Gedanken zum Bürgergeld

Gedanken zum Bürgergeld

Deutschland bietet wie kaum ein anderes Land der Welt eine staatliche Absicherung für Lebenskrisen seiner Bürger. Auf dieses System können wir stolz sein. Heute haben wir im Deutschen Bundestag erneut über das Bürgergeld abgestimmt.  Im Vergleich zum Urspungsgesetz gibt es massive Veränderungen, die im Rahmen des Vermittlungsausschusses zwischen Bund und Ländern verhandelt wurden. Das ist gut, denn die ursprünglichen Pläne der Ampel sind über das Ziel hinaus geschossen.

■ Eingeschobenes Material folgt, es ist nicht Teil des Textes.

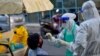 Arhiva, ilustracija - Medicinski radnici uzimaju bris za testiranje na prisustvo koronavirusa, na ulici u Maku, 5. juna 2020. (Photo by Ahmed SHURAU / AFP)
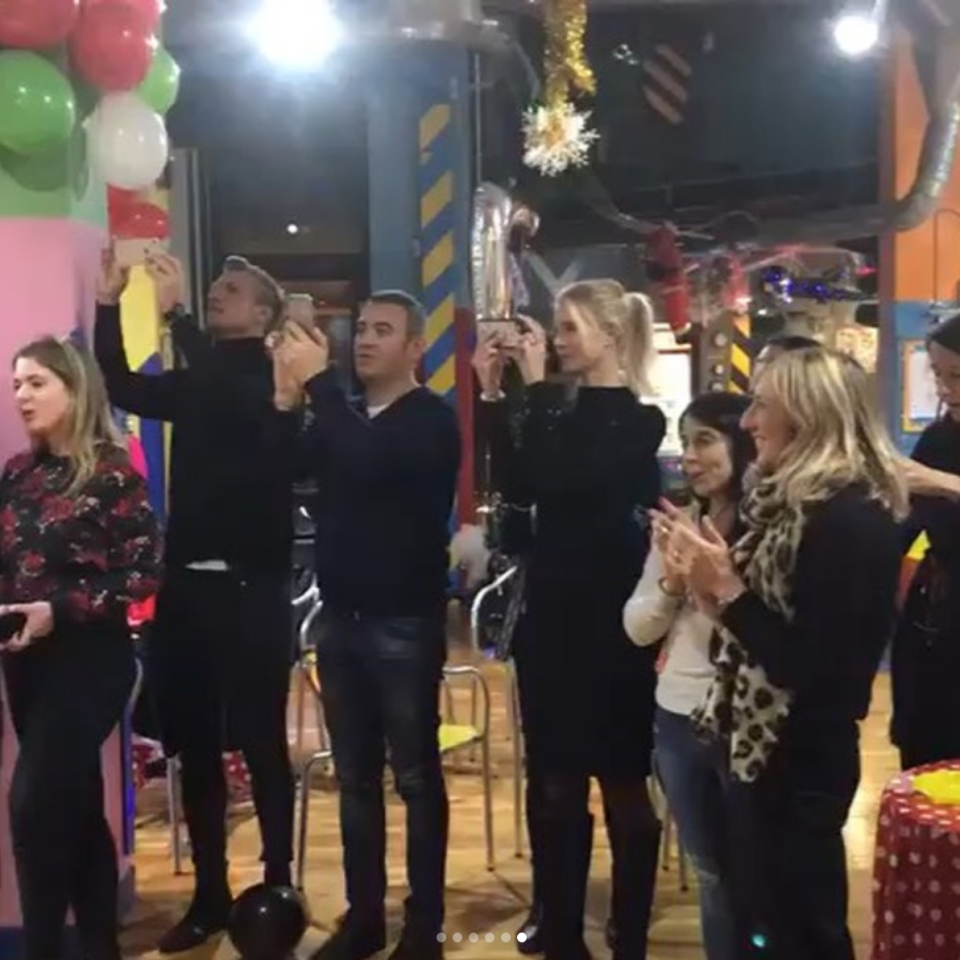 <p>Wanda también publicó un tierno video de todos los chicos cantando a coro el “Feliz cumpleaños”. En las imágenes se puede ver a Maxi, a Daniela y a Mauro, muy concentrados, inmortalizando el momento con sus celulares. <em>– Foto: <a rel="nofollow noopener" href="https://www.instagram.com/wanda_icardi/" target="_blank" data-ylk="slk:Instagram/wanda_icardi/;elm:context_link;itc:0;sec:content-canvas" class="link ">Instagram/wanda_icardi/</a></em> </p>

Unser wesentlicher Kritikpunkt am ursprünglichen Bürgergeld-Gesetz war der weitgehende Verzicht auf das Prinzip „Fördern und Fordern“. Beispiel Sanktionen: In den ersten sechs Monaten sollten zukünftig Leistungen nicht mehr gemindert werden können, wenn z. B. keine Bewerbungen geschrieben werden -obwohl das vereinbart war- oder man nicht zu Schulungen erscheint. Die ganz überwiegende Mehrheit hält sich auch an die Regeln und kommt gar nicht mit Sanktionen in Kontakt. Deshalb ist es nach meinem Befinden richtig, dass für die -wenigen- Verweigerer Sanktionen gerade auch in den ersten Monaten möglich bleiben müssen. In den Verhandlungen haben wir daher erreicht, dass die von der Ampel angestrebte, fast vollständig sanktionslose Vertrauenszeit von sechs Monaten gestrichen wird.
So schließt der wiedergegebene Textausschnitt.